Yesterday, Sen. Ted Cruz introduced legislation to create an education savings account (ESA) program for students in Washington, D.C. In a press release, Cruz’s office stated that the legislation was modeled after Nevada’s ESA, and Cruz called educational choice “the civil rights issue of our era.”

“Each and every child has the right to access a quality education,” Sen. Cruz said. “Not only does school choice give low-income children the same choices and opportunities that children from wealthy families have always had, it also improves the public schools, making them stronger and more effective. This legislation ensures that every child in Washington, D.C., regardless of race, ethnicity, or zip code, has the same opportunity to choose the school that best fits their needs and will help them achieve their very best.”

Last September, Lindsey Burke of the Heritage Foundation and I explained why it’s imperative to break the link between housing and education in D.C. and how an ESA could do just that:

Sadly, access to a quality education is too often dependent on a family’s ability to purchase a home in an expensive area.
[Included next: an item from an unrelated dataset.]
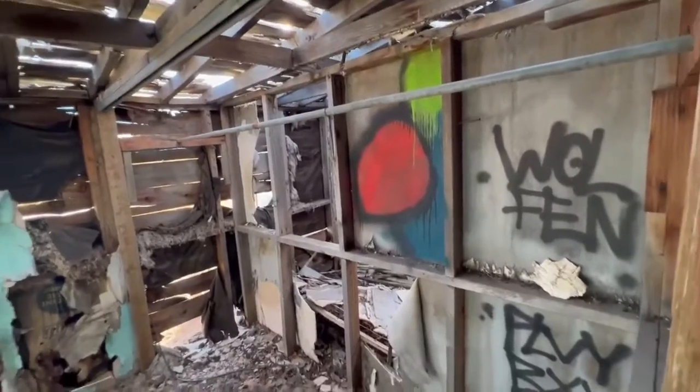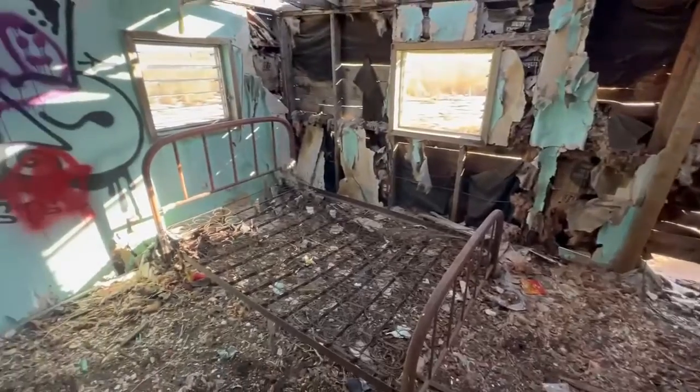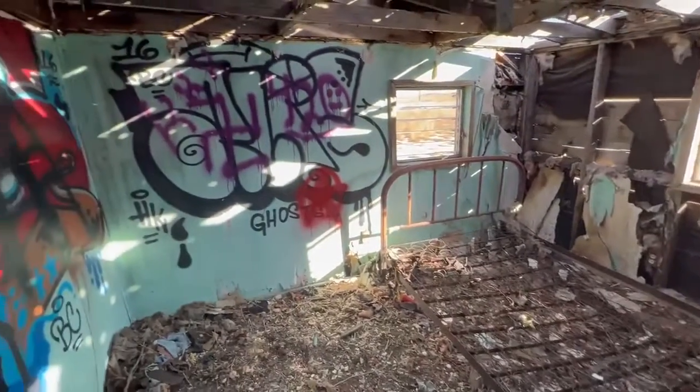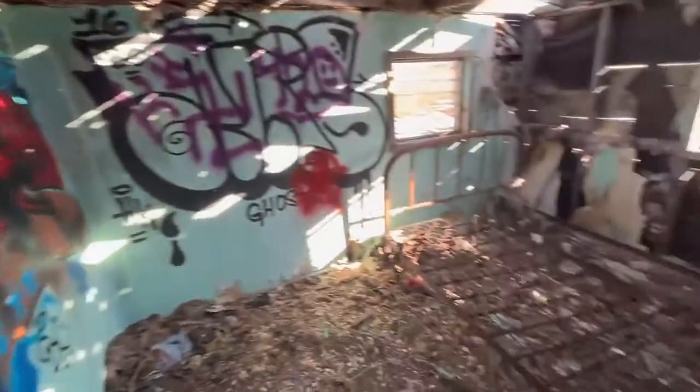Hey everybody, Darren here. Can't be here too long. I'm in the abandoned town of Deerfield. This is one of the buildings you can still get into. As you can see, the graffiti artists have made their way in.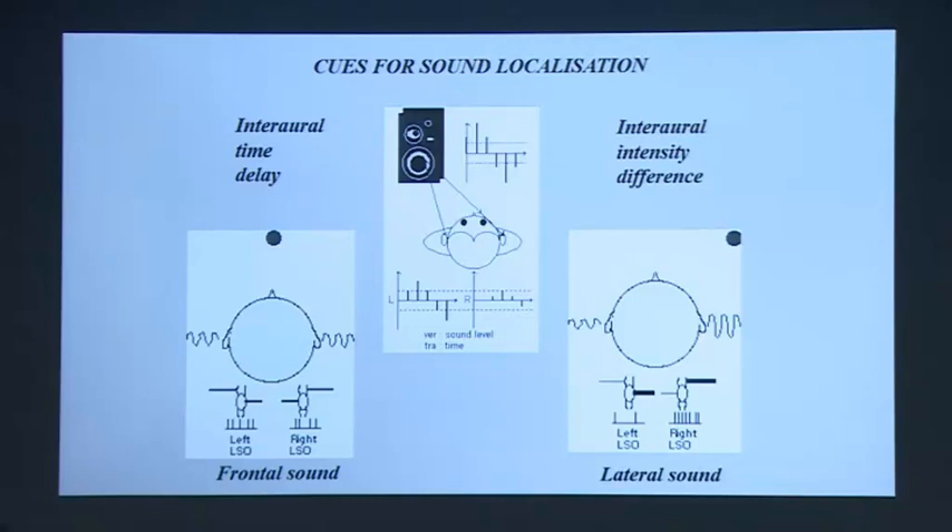The way that most vertebrates solve this problem is by having two ears. If there's a sound source out to my left, that sound source will hit my left ear a tiny bit earlier than it hits my right ear — so there's a time difference between when it hits the left and the right. If it's right out in front or behind, it will hit both ears at the same time. So you go from zero time difference to a max time difference as you move from front to side. Similarly, there's also a tiny intensity difference — it's a little bit louder in one ear than the other. Most vertebrates compute these time differences and intensity differences in order to pinpoint where a sound is coming from. But to do that, you need millions of neurons.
As The Washington Post reported recently, the median price of a three-bedroom home in a D.C. neighborhood zoned to a public school where reading proficiency rates exceed 80 percent is about $800,000. The median price of similar homes near Eaton Elementary, where the Hills enrolled their children, is north of $1 million. Where the Hills resided in Maryland the median home prices ranged from a much more affordable $330,000 to $460,000.


There is a strong correlation between these housing prices and school performance. In nearly all D.C. neighborhoods where the median three-bedroom home costs $460,000 or less, the percentage of students at the zoned public school scoring proficient or advanced in reading was less than 45 percent. Children from families that could only afford homes under $300,000 are almost entirely assigned to the worst-performing schools in the District, in which math and reading proficiency rates are in the teens.


If policymakers truly believe in equality of opportunity, they must do more to sever the link between education and housing. The District has taken some important steps in the right direction — allowing parents to apply to charter schools and out-of-boundary district schools — but long waiting lists at the best schools have limited their usefulness for most families. […]


ESAs are restricted-use savings accounts parents can use to purchase a wide variety of educational products and services using a portion of the public funding that would have been spent on their child at their assigned district school.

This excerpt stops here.